• [WHAT TO DO]: What is needed is a verbatim copy of the data, minus the pictures.

[TASK INPUTS Boundary: Start]

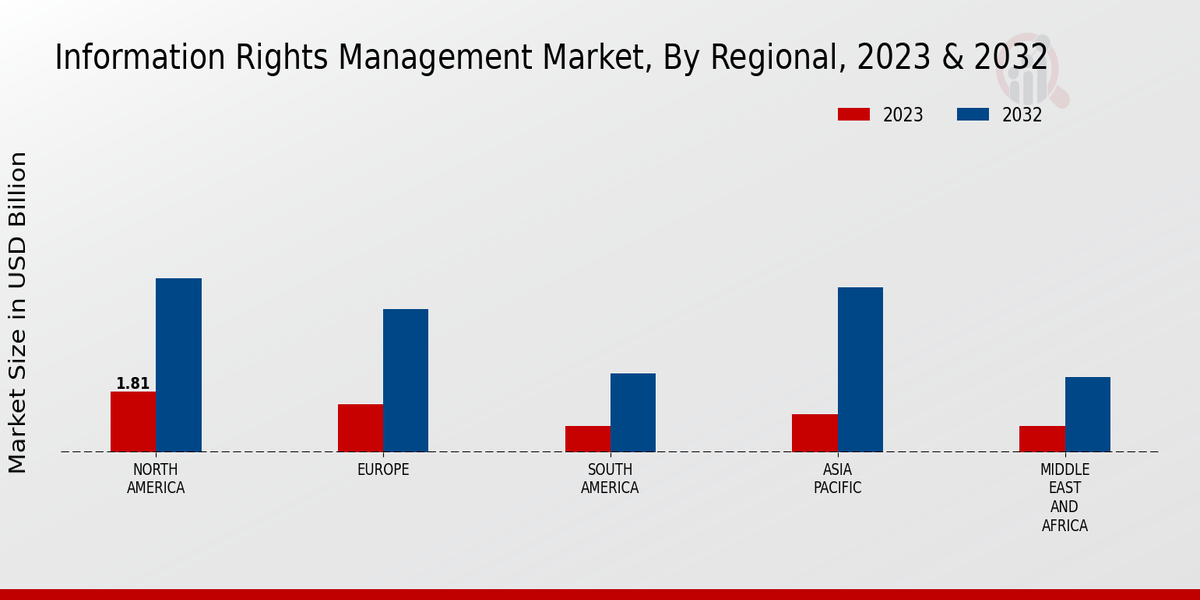 Information Rights Management Market Regional Insights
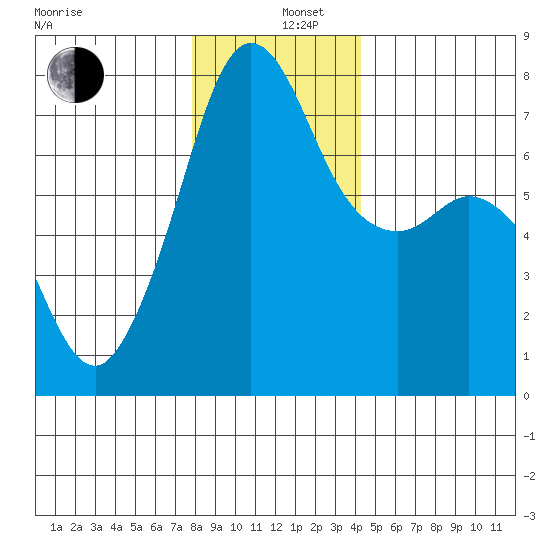 Strawberry Bay tide chart for Thursday, December 11, 2025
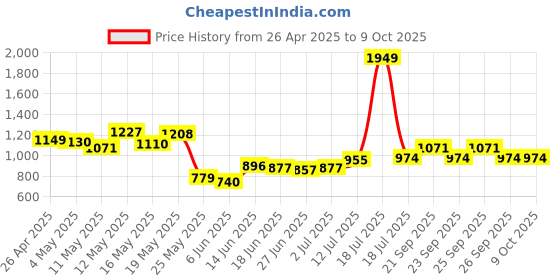 myntra.com StyleCast x Revolte Men Mid-Rise Loose Fit Regular Shorts stylecast x revolte Price History Graph from 26 Apr 2025 to 4 Oct 2025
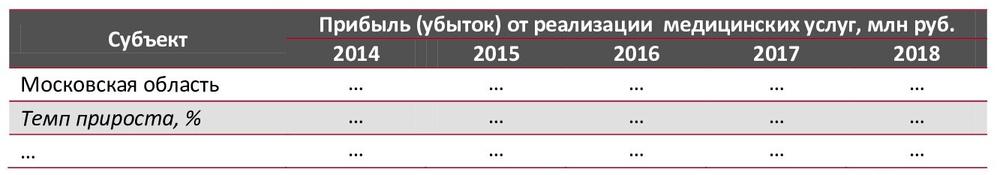  Прибыль (убыток) от реализации медицинских услуг, 2014-2018 гг., млн руб.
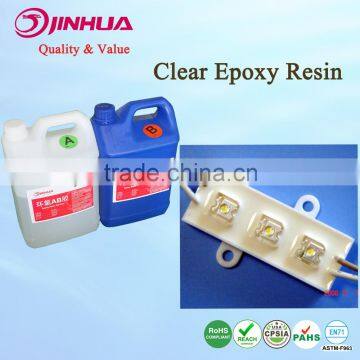 White Epoxy Potting Glue/Potting Compound for Electronic Components Encapsulation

[TASK INPUTS Boundary: End]

• [ANSWER]:
 Information Rights Management Market Regional Insights
 Strawberry Bay tide chart for Thursday, December 11, 2025
 myntra.com StyleCast x Revolte Men Mid-Rise Loose Fit Regular Shorts stylecast x revolte Price History Graph from 26 Apr 2025 to 4 Oct 2025
  Прибыль (убыток) от реализации медицинских услуг, 2014-2018 гг., млн руб.
 White Epoxy Potting Glue/Potting Compound for Electronic Components Encapsulation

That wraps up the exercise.